## How to complete this task:
How many lines of the listing below hold the word "Bags"? Answer with the number alone.

## Data excerpts:
#####

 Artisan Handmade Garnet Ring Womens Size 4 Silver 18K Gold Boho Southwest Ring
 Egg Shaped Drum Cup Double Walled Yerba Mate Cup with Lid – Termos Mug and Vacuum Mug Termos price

#####

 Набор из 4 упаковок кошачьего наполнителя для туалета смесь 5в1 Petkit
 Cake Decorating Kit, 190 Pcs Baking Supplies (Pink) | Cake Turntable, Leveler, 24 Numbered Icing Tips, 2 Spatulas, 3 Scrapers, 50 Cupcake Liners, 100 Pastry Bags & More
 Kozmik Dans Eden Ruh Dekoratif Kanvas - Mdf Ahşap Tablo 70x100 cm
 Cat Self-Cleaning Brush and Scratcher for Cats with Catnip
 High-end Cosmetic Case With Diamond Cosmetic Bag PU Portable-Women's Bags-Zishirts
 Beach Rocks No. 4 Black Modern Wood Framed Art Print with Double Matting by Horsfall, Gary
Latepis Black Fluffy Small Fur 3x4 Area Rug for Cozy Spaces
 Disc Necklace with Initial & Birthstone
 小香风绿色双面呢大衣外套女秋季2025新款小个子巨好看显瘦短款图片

#####

## Solution:
2